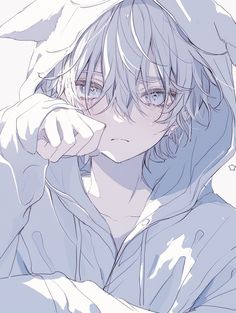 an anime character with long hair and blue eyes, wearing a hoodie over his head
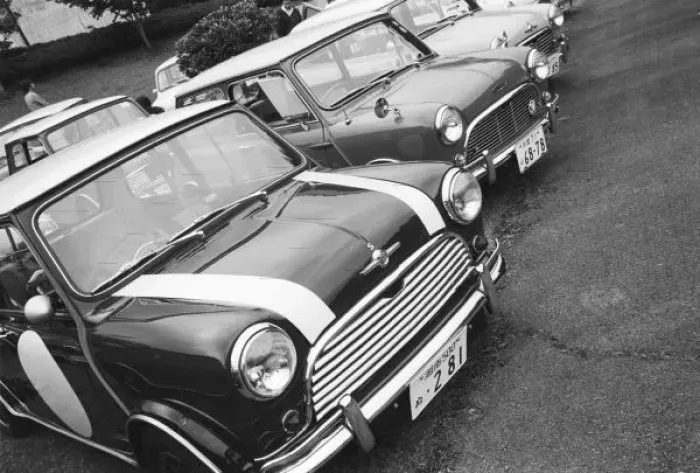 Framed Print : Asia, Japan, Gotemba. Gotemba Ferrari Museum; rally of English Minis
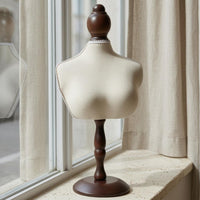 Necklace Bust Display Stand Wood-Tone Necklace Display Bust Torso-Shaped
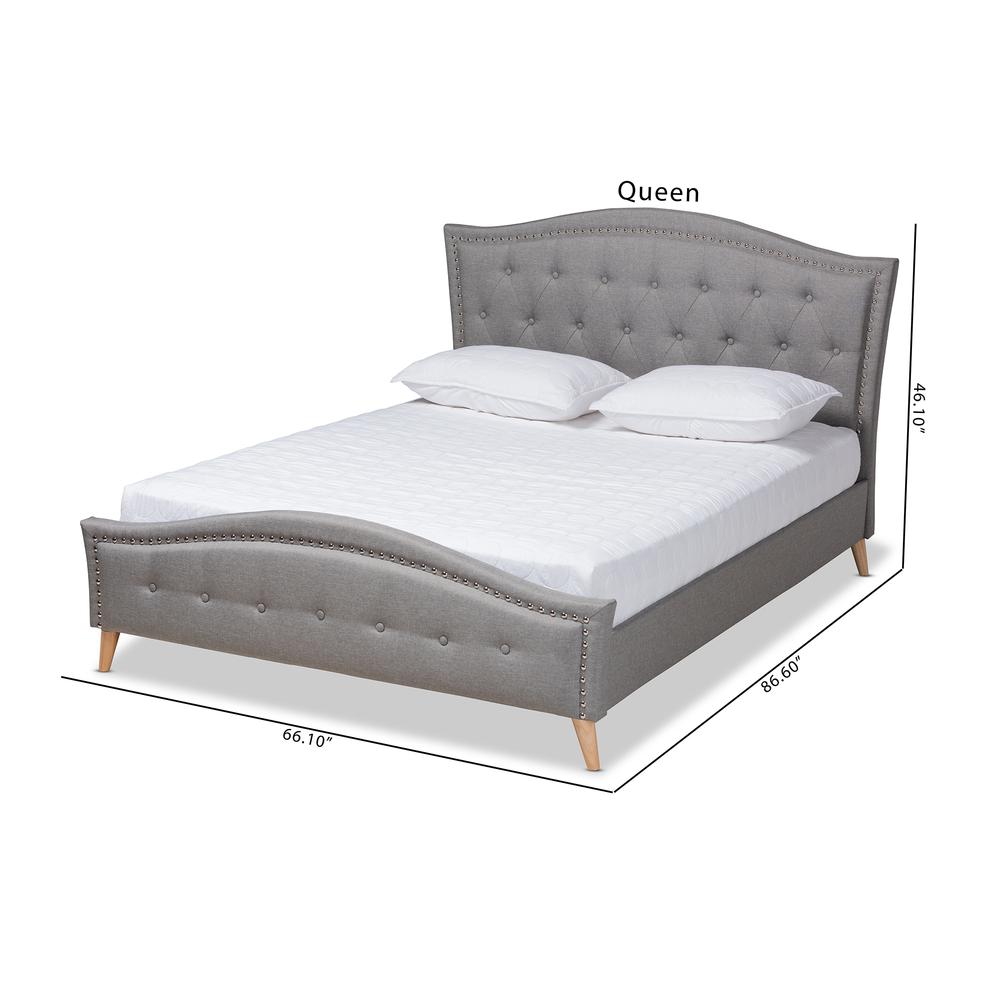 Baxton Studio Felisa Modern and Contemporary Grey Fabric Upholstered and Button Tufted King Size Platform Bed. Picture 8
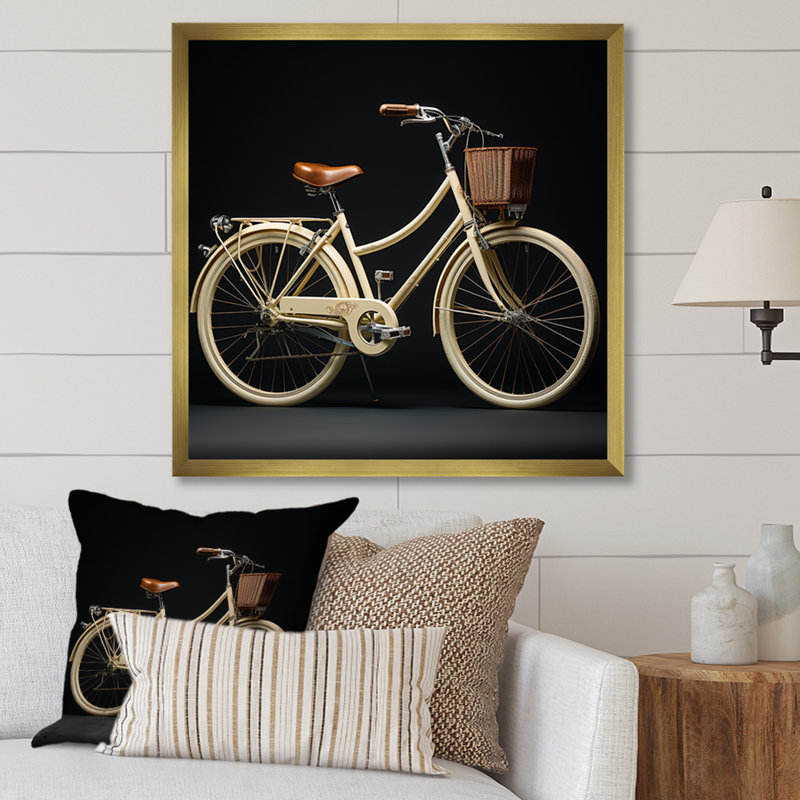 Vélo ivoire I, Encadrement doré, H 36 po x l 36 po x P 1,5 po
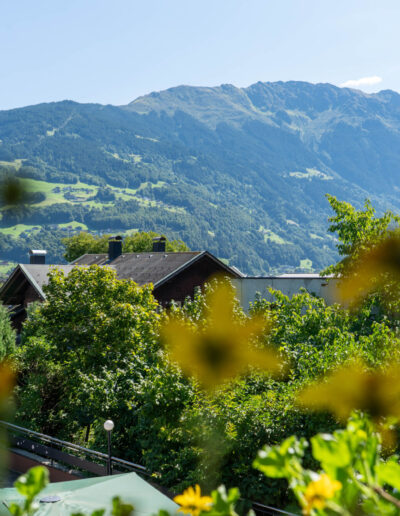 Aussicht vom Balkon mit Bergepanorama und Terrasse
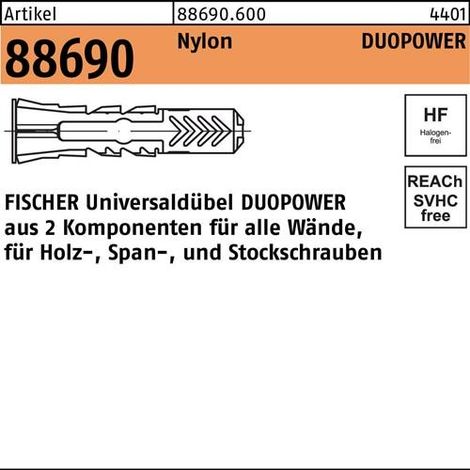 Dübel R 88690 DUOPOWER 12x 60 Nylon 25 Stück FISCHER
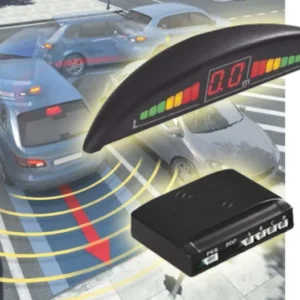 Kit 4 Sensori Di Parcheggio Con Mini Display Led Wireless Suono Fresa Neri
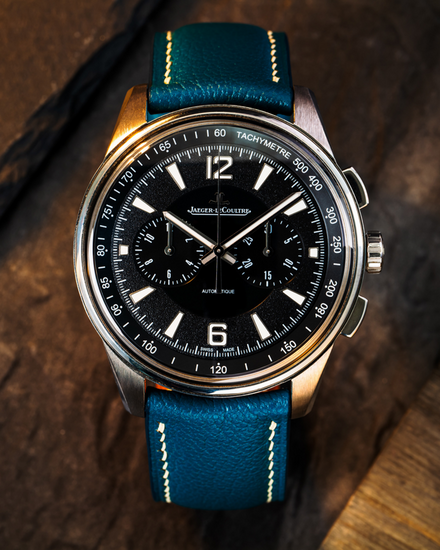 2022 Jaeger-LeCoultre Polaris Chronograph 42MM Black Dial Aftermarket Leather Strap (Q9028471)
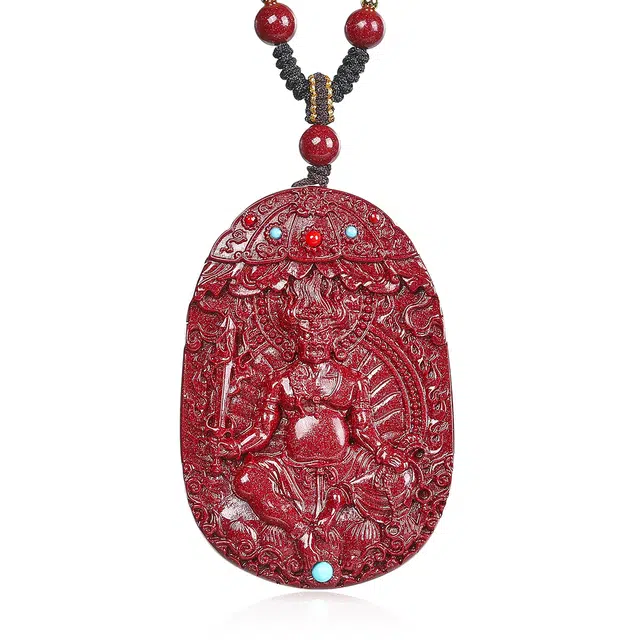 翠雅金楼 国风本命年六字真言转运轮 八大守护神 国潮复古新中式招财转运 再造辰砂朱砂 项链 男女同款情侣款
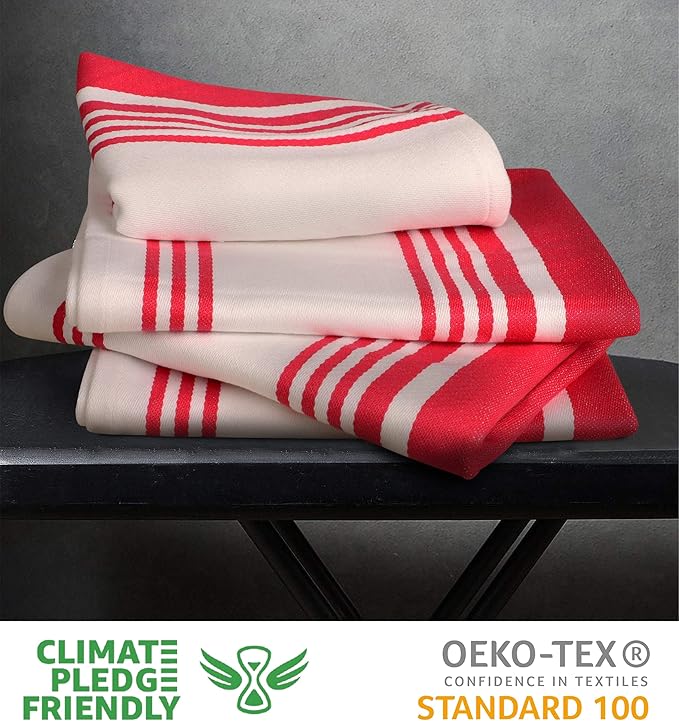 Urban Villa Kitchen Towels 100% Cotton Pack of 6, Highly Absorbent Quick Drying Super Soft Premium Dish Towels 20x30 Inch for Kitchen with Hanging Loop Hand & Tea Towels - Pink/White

--*--

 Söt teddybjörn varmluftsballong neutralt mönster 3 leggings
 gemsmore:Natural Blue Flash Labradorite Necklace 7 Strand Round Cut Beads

--*--

EXERCISE AIM: Without the pictures, give again exactly the lines above starting at the line containing "an anime character" and ending at the line containing "翠雅金楼 国风本命年六字真言转运轮 八大守护神".

RESPONSE AREA:
 an anime character with long hair and blue eyes, wearing a hoodie over his head
 Framed Print : Asia, Japan, Gotemba. Gotemba Ferrari Museum; rally of English Minis
 Necklace Bust Display Stand Wood-Tone Necklace Display Bust Torso-Shaped
 Baxton Studio Felisa Modern and Contemporary Grey Fabric Upholstered and Button Tufted King Size Platform Bed. Picture 8
 Vélo ivoire I, Encadrement doré, H 36 po x l 36 po x P 1,5 po
 Aussicht vom Balkon mit Bergepanorama und Terrasse
 Dübel R 88690 DUOPOWER 12x 60 Nylon 25 Stück FISCHER
 Kit 4 Sensori Di Parcheggio Con Mini Display Led Wireless Suono Fresa Neri
 2022 Jaeger-LeCoultre Polaris Chronograph 42MM Black Dial Aftermarket Leather Strap (Q9028471)
 翠雅金楼 国风本命年六字真言转运轮 八大守护神 国潮复古新中式招财转运 再造辰砂朱砂 项链 男女同款情侣款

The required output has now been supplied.